Greece was introduced to euro in 2002 but since then many things have changed. In 2011 Greece is ranking 88th in the world in the Index of Economic Freedom and 83rd in Global Competitiveness Index, worse than Latvia and Bulgaria, while France is 15th in the world. The country has to deal with 25% unemployment, illegal immigration, high levels of political and economic corruption and inflation totally up to 75% since 2002. According to Eurostat Greece has public debt 161.7% of its GDP for 2011 when officials say that growth returned. In order an EU member state to join the eurozone, it should fulfill the following euro convergence criteria, also known as the Maastricht criteria.

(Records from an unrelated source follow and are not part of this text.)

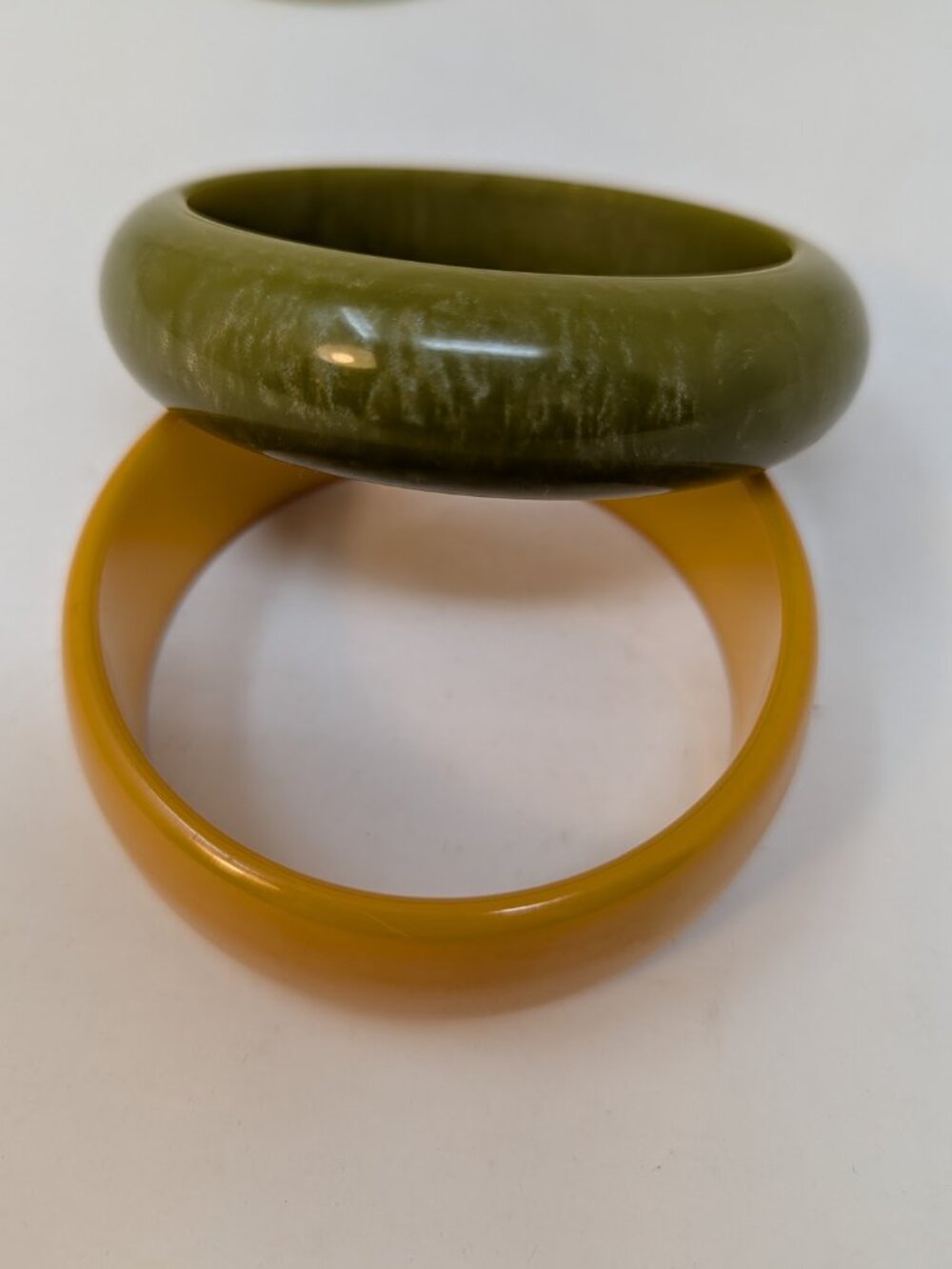 Two Art Deco Bakelite bangle bracelets in Butterscotch and Marbled Green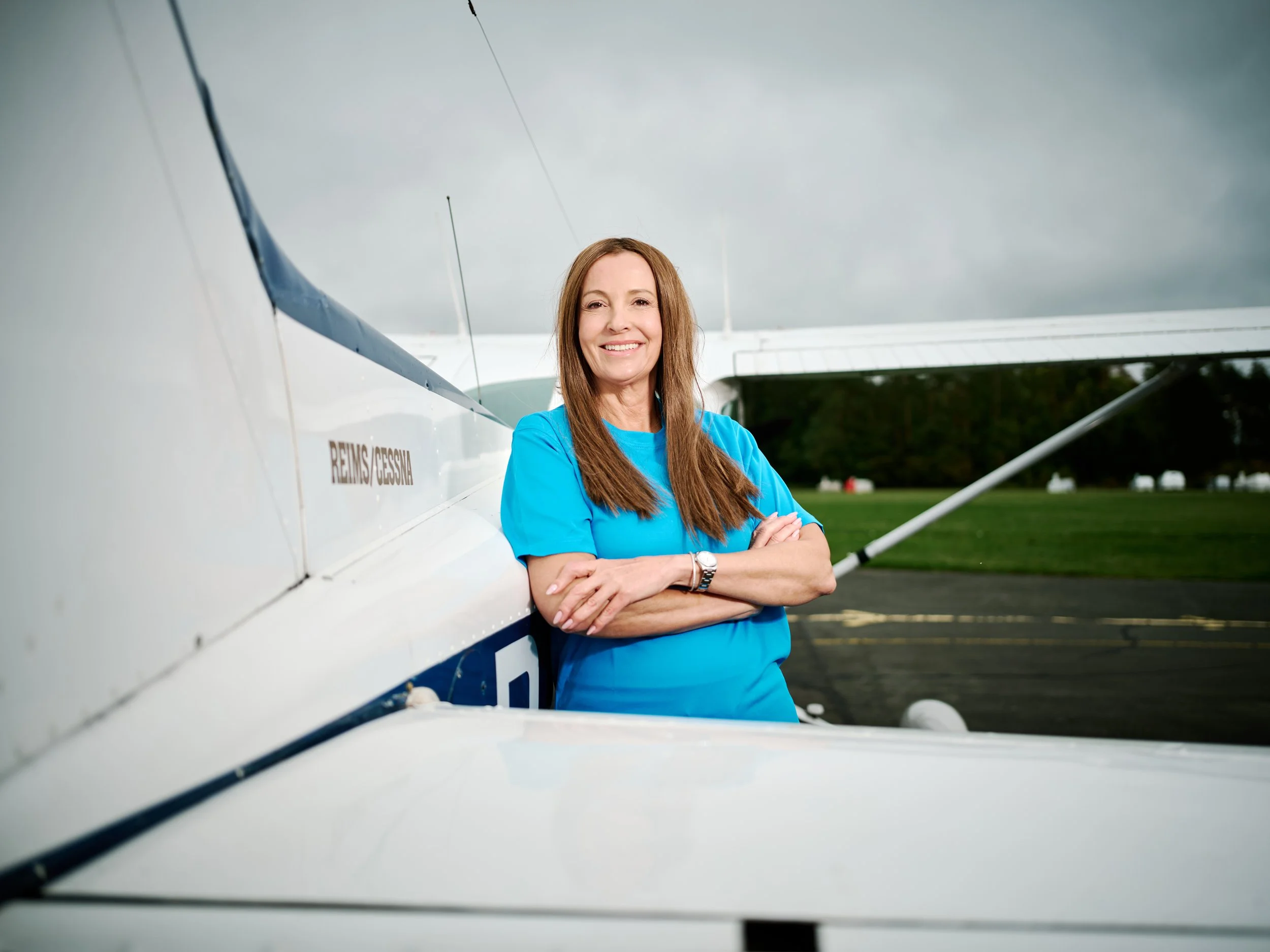 Eine lachende Frau mit braunen Haaren in blauer Sportbekleidung steht vor einem kleinen Flugzeug auf einem Flugfeld, im Hintergrund sind Bäume und Wolken am Himmel sichtbar.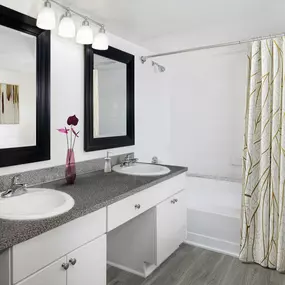 Bathroom with double vanity sinks at Camden Portofino apartments in Pembroke Pines, FL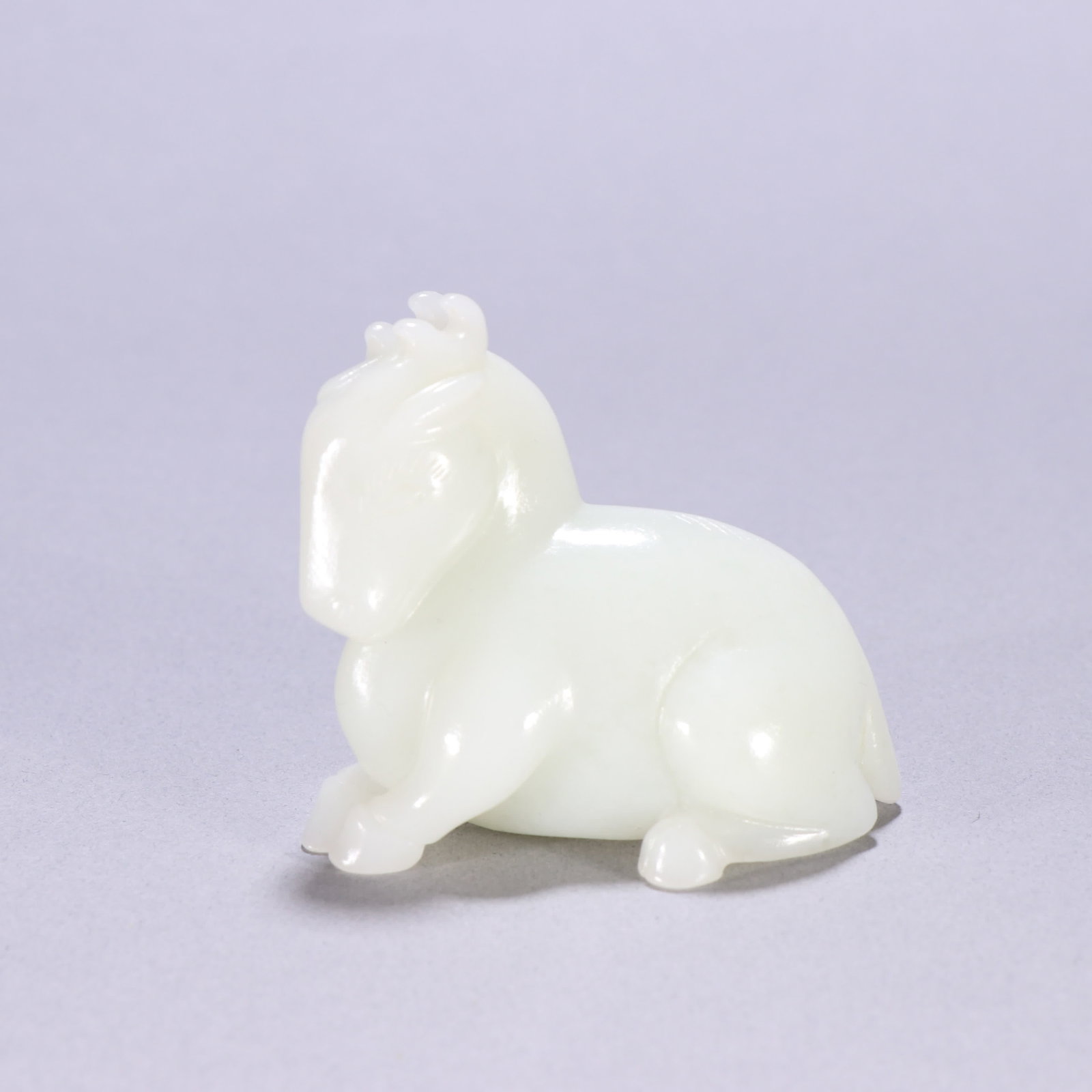 A Qing Dynasty Hetian jade horse ornament: Qing Dynasty Hetian jade horse ornament SIZE: H:5.2cm W:6.1cm W:115.7g (The Dimensions Of All Batches Are Manually Measured.If You Need More Detailed Information, Please Contact Our Customer Service B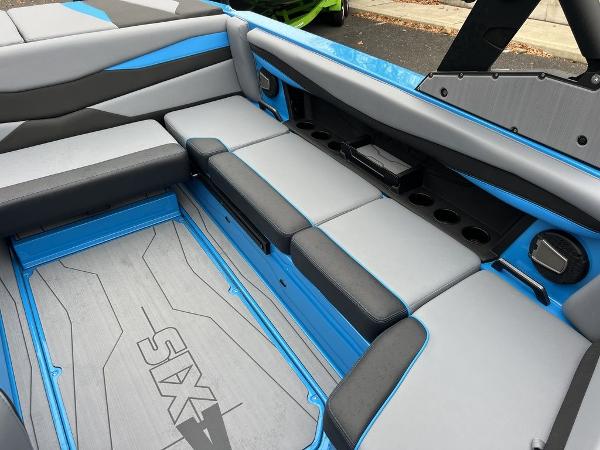Slide: The Image of 2024 Axis A225 boat interior with blue and gray seating and cup holders. - 3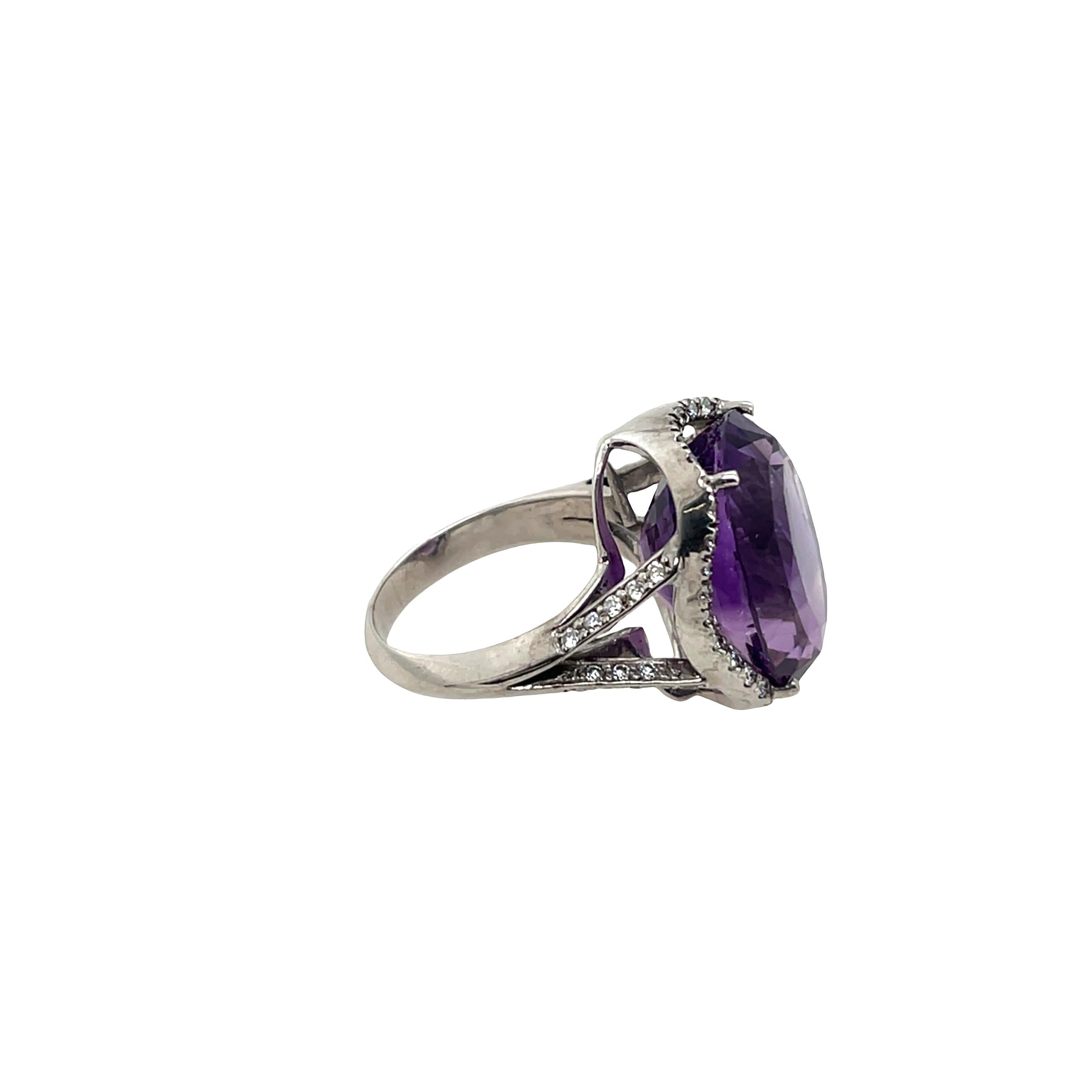 Elegant and eye-catching, this exquisite ring 
features a vibrant purple amethyst at its centre, 
surrounded by a dazzling halo of natural diamonds. 
The contrast between the deep hue of the amethyst 
and the sparkle of diamonds is beautifully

1. Inflation rates: No more than 1.5 percentage points higher than the average of the three best performing member states of the EU.
2. Government finance:
Annual government deficit:
The ratio of the annual government deficit to gross domestic product (GDP) must not exceed 3% at the end of the preceding fiscal year. If not it is at least required to reach a level close to 3%. Only exceptional and temporary excesses would be granted for exceptional cases.
The ratio of gross government debt to GDP must not exceed 60% at the end of the preceding fiscal year. Even if the target cannot be achieved due to the specific conditions, the ratio must have sufficiently diminished and must be approaching the reference value at a satisfactory pace.
3. Exchange rate: Applicant countries should have joined the exchange-rate mechanism (ERM II) under the European Monetary System (EMS) for two consecutive years and should not have devalued its currency during the period.
4. Long-term interest rates: The nominal long-term interest rate must not be more than 2 percentage points higher than in the three lowest inflation member states.